La CGT freine des quatre fers à chaque négociation à Amiens-Nord. Résultat, aucun accord n'est trouvé, tandis que l'usine voisine d'Amiens-Sud a embauché après avoir accepté des réorganisations.Alors que le sort de l'usine Good­year d'Amiens semble scellé, syndicats et direction se renvoient la faute. Les premiers évoquent un chantage à l'emploi, la deuxième fustige des blocages. Tout commence à l'automne 2007. La direction de Goodyear-Dunlop décide de mettre en place une nouvelle organisation du travail, passant de cinq à quatre équipes. Ce changement conditionne un investissement de 52 millions d'euros dans les usines d'Amiens-Nord (Goodyear) et d'Amiens-Sud (Dunlop), en fait distantes de 200 mètres. La CGT s'y oppose. En septembre, elle bloque la tenue d'un premier référendum organisé par la direction, avant de s'associer à l'organisation d'un second scrutin un mois plus tard. Les salariés répondent par un «non» massif. La direction menace de supprimer 402 emplois.
Premier coup de théâtre début 2008, les 1300 salariés d'Amiens- Sud acceptent, eux, la réorganisation. Côté Nord, la CFTC et la CFE-CGC, minoritaires, organisent une nouvelle consultation des employés, qui cette fois se prononcent en faveur de la réorganisation. Un accord est signé. «Si la CGT dénonce l'accord, 402 lettres de licenciement partiront début décembre», avait déclaré Olivier Rousseau, le PDG de Goodyear-Dunlop France, au
Figaro . La CGT, syndicat majoritaire, passe outre et dénonce l'accord. De procédures en appels, le syndicat retarde les licenciements.
Début 2009, la direction retire le plan social portant sur 402 emplois, pour en présenter un nouveau, menaçant cette fois les 820 postes de la division «pneus tourisme» d'Amiens-Nord. Au PS, on parle alors de «règlement de comptes pour faire payer aux salariés leur opposition». La direction du groupe évoque le contexte économique. La crise de 2008 est passée par là, avec notamment une première chute de la production automobile en Europe. La ligne de fabrication de pneus agricoles n'est pas affectée. L'usine d'Amiens-Sud est, elle, transformée en société autonome en avril 2009. La production s'y porte bien, centrée sur le haut de gamme, elle bénéficie de 27 millions d'euros d'investissement. C'est le «Grand Fossé», des voix s'élèvent à Amiens-Sud pour dénoncer l'attitude de la CGT «du Nord».
Le «non» jusqu'au boutDe son côté, la direction de Good­year évoque la fermeture du site et la cession de l'activité pneus agricoles. La situation est d'autant plus tendue en Picardie que l'usine de Continental à Compiègne va elle aussi fermer ses portes.

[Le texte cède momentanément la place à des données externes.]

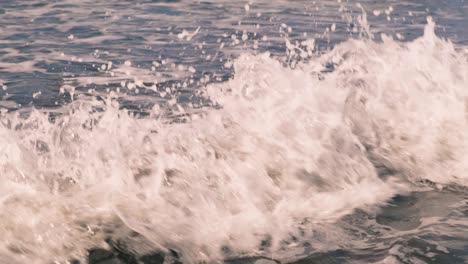 slow motion of bubbling foaming ocean waves off the coast of the island of bali in indonesia into the sunny. two waves collide crashing into each other creating splashes of the indian ocean. 4k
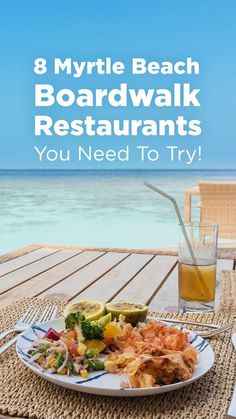 a white plate topped with food on top of a wooden table next to the ocean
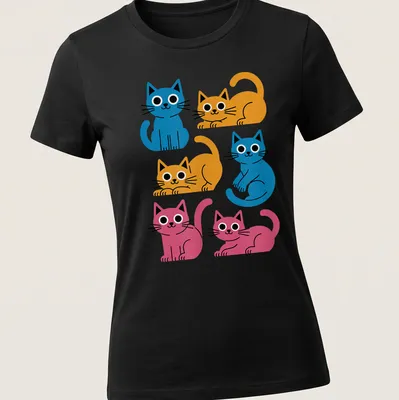 Kawaii-style shirt featuring colorful cartoon cats in blue, orange, and pink — printed on a women's shirt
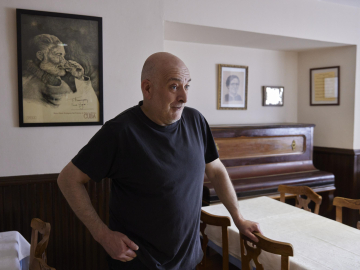 Iñaki Urdiroz, propietario del Hostal Burguete, en el comedor junto al piano y el cuadro de Hemingway.	 JESÚS GARZARON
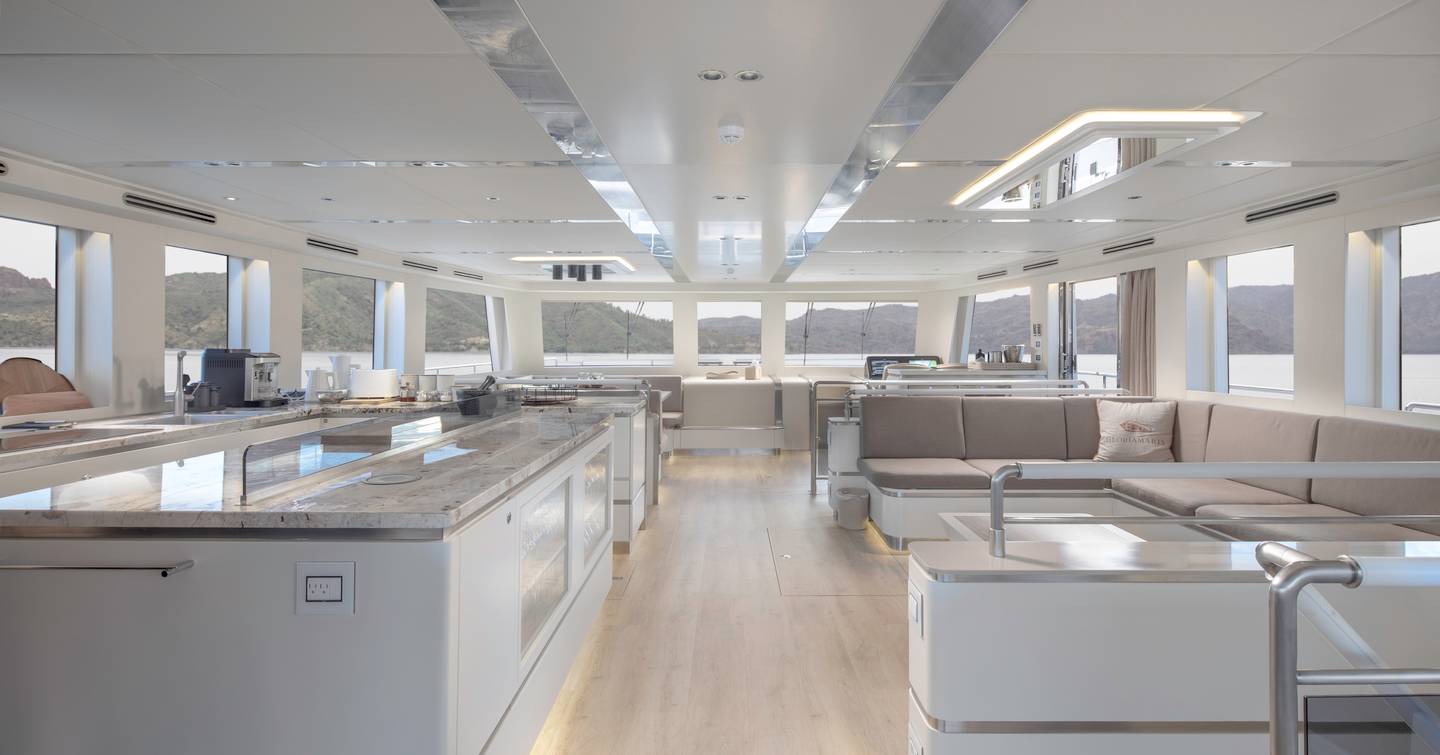 Catamaran GloriaMaris main saloon with neutral palette, marbled galley and U-shaped beige seating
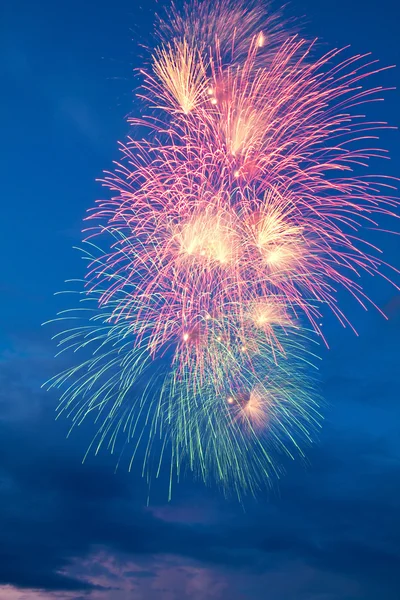 Fuegos artificiales coloridos sobre el fondo azul nublado del cielo — Foto de Stock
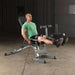 Body-Solid Flat Incline Decline Bench GFID71 - Man in green shirt sitting on bench lifting weights with his legs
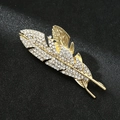Detailed macro view of a golden feather brooch with crystal rhinestones on black background - Feather Gold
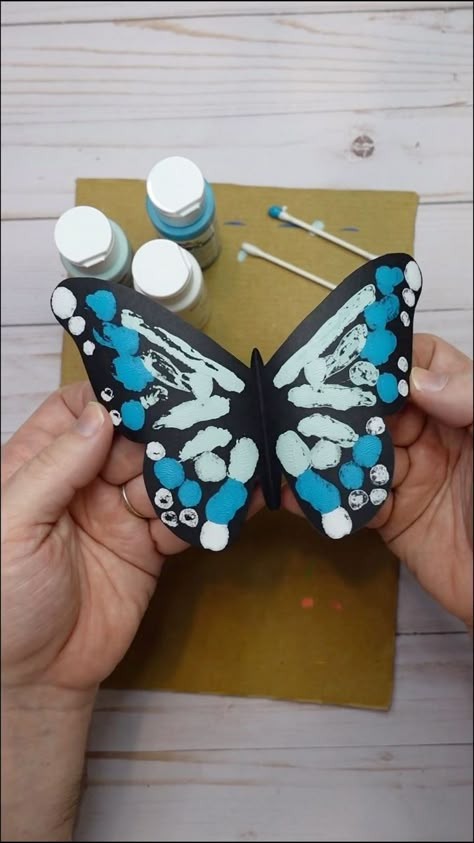 Squish painting butterfly wings is a really fun and easy art activity for little kids. The art technique is called squish painting because you paint squish paint around on a folded piece of paper, then open it up to reveal beautiful butterfly wings! Easy butterfly craft ideas for kids. Supplies: Butterfly Outline Black Paper or Cardstock Acrylic Paint Cotton Swabs or Q-tips Scissors #butterfly #kidsart #easycrafts #paint #kidsactivities #papercraft | Timm Sevitz | Timm Sevitz · Original audio Squish Painting, Tk Crafts, Easy Butterfly Craft, Butterfly Painting Easy, Butterfly Craft Ideas, Paper Squish, Butterfly Lifecycle, Simple Art Activity, How To Make Butterfly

En septembre 2009, un repreneur potentiel se fait connaître: l'américain Titan se dit intéressé par l'activité pneus agricoles de Goodyear au niveau mondial. À Amiens, il sauverait 550 emplois. La production de pneus tourisme est condamnée. La direction de Goodyear évoque «un coût de production à Amiens-Nord 25% plus élevé que dans ses usines allemandes». Les négociations débutent néanmoins avec Titan, dans un ­climat qui semble apaisé. Fin 2010, la cession de l'usine à Titan est ­officiellement annoncée, pour 130 millions de dollars: 550 emplois sur 1350 sont sauvés. Les 820 licenciements prévus sont transformés en départs volontaires.
L'accalmie aura été de courte durée. Les relations se tendent à nouveau, la CGT freine des quatre fers à chaque négociation. Aucun accord n'est trouvé. Titan, qui avait soumis le rachat à la mise en place des suppressions de postes, menace de jeter l'éponge dès décembre 2011. Son président américain accuse directement les syndicats français. Le coup est d'autant plus rude pour le «Nord» qu'un mois plus tôt le «Sud» a embauché 100 personnes. Finalement, les tractations avec Titan se poursuivent jusqu'à septembre 2012. La direction de Goodyear annonce alors qu'elle renonce au plan de départs volontaires, faute d'un accord. Une fois encore, l'attitude de la CGT est mise en cause. Ce blocage «menace la reprise du site par Titan». Quelques mois plus tard, ce 31 janvier 2013, le couperet ­tombe. L'usine sera fermée, ­totalement.